20.2 These terms and conditions and any Contract to which they apply shall be governed by the laws of South Australia and are subject to the jurisdiction of the courts in that state. These terms prevail over all terms and conditions of the Buyer (even if they form part of the Buyer’s purchase order).
20.3 The Seller may licence and/or assign all or any part of its rights and/or obligations under this Contract without the Buyer’s consent provided the assignment does not cause detriment to the Buyer.
20.4 The Buyer cannot licence or assign without the written approval of the Seller.
20.5 The Seller may elect to subcontract out any part of the Services but shall not be relieved from any liability or obligation under this Contract by so doing. Furthermore, the Buyer agrees and understands that they have no authority to give any instruction to any of the Seller’s sub-contractors without the authority of the Seller.
20.6 The Buyer agrees that the Seller may amend their general terms and conditions for subsequent future Contracts with the Buyer by disclosing such to the Buyer in writing.
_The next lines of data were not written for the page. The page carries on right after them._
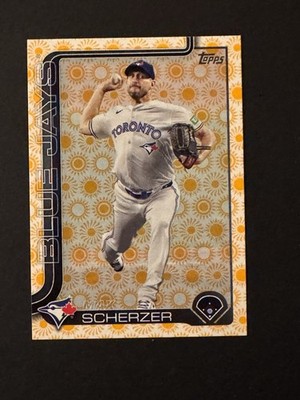 2025 Topps Series 2 Max Scherzer Holida Sun Parallel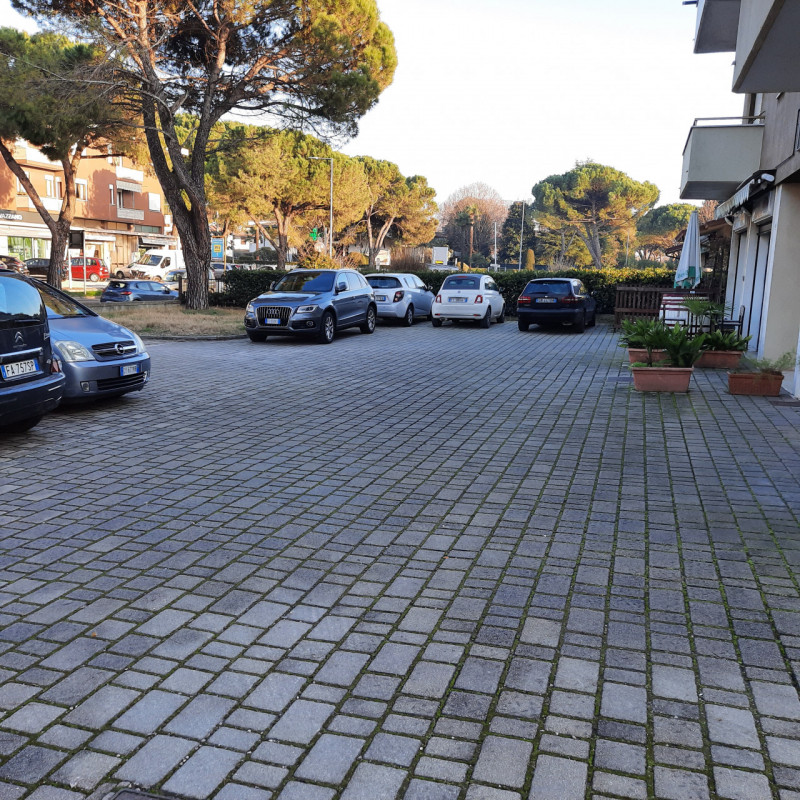 Affittasi in centro a Selvazzano Dentro (PD) negozio con 2 vetrine di 65 mq. Posizione centraliss...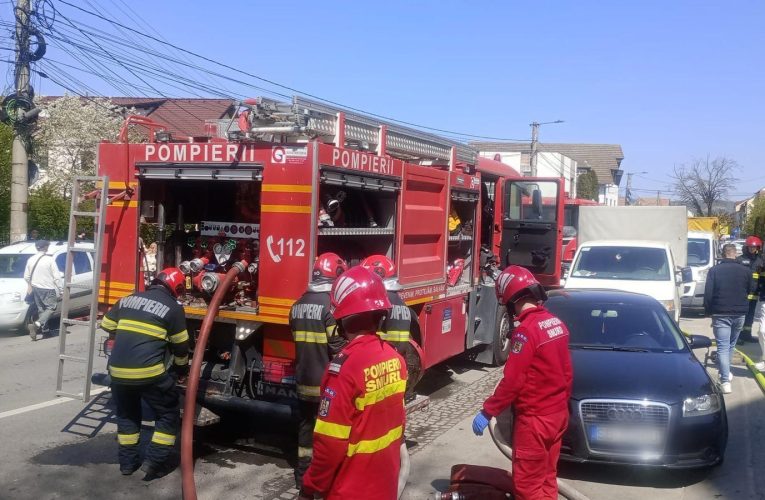 Un grajd de cai, un depozit de furaje și un parc auto în flăcări în Buzău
These changes shall be deemed to take effect from the date on which the Buyer accepts such changes, or otherwise at such time as the Buyer makes a further request for the Seller to provide Goods to the Buyer.
20.7 Neither party shall be liable for any default due to any act of God, war, terrorism, strike, lock-out, industrial action, fire, flood, storm, national or global pandemics and/or the implementation of regulation, directions, rules or measures being enforced by Governments or embargo, including but not limited to, any Government imposed border lockdowns (including, worldwide destination ports), etc, (“Force Majeure”) or other event beyond the reasonable control of either party. This clause does not apply to a failure by the Buyer to make a payment to the Seller, once the parties agree that the Force Majeure event has ceased.
20.8 Both parties warrant that they have the power to enter this Contract and have obtained all necessary authorisations to allow them to do so, they are not insolvent and that this Contract creates binding and valid legal obligations on them.
20.9 The rights and obligations of the parties will not merge on completion of any transaction under this Contract, and they will survive the execution and Delivery of any assignment or other document entered, for the purpose of, implementing any transaction under this Contract.
20.10 If part or all of any term of this Contract is or becomes invalid, illegal or unenforceable, it shall be severed from this Contract and shall not affect the validity and enforceability of the remaining terms of this Contract.